## RECORDS FOR THE EXERCISE:
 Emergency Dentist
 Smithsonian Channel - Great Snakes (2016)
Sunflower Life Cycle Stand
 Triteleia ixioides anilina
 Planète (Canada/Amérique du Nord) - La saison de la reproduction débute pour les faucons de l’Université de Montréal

...

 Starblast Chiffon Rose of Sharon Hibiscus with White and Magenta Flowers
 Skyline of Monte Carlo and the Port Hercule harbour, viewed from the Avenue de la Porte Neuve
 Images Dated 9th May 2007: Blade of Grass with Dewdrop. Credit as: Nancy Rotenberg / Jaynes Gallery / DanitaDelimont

--

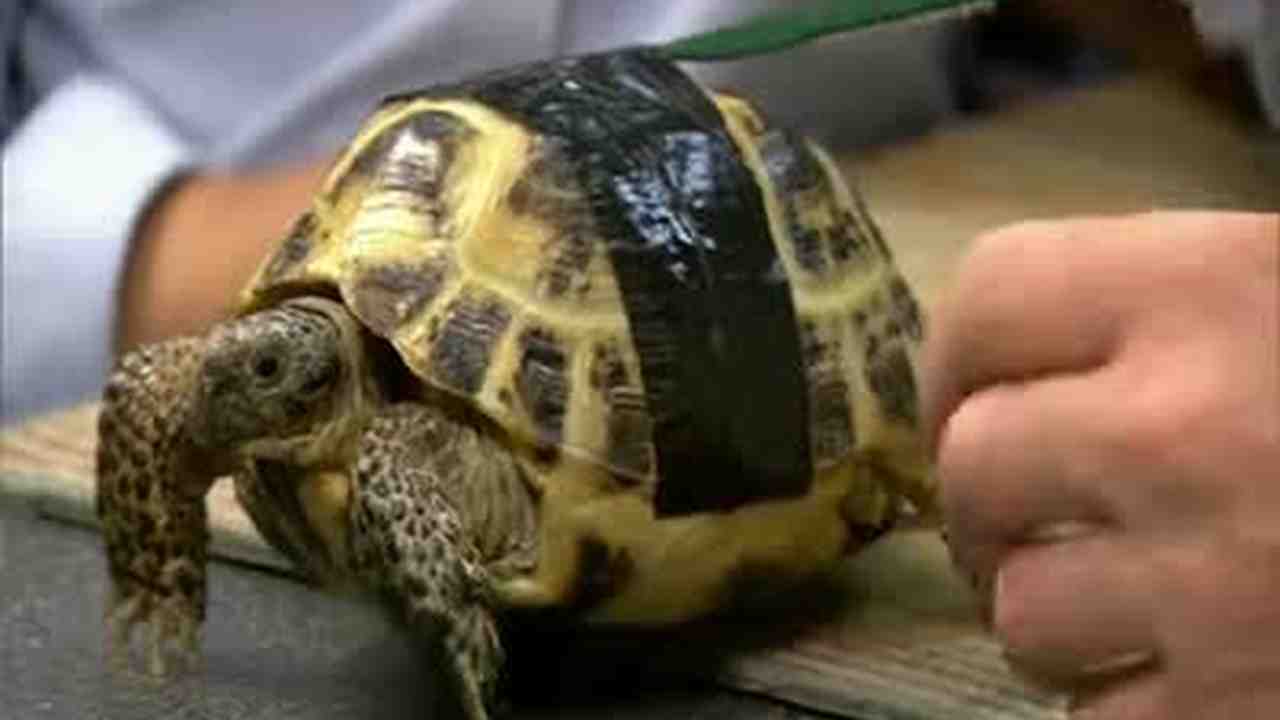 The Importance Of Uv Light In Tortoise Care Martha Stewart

## GOAL OF THE EXERCISE:
Gather each line in the data that holds the string "with".

## RESULT:
 Starblast Chiffon Rose of Sharon Hibiscus with White and Magenta Flowers
 Images Dated 9th May 2007: Blade of Grass with Dewdrop. Credit as: Nancy Rotenberg / Jaynes Gallery / DanitaDelimont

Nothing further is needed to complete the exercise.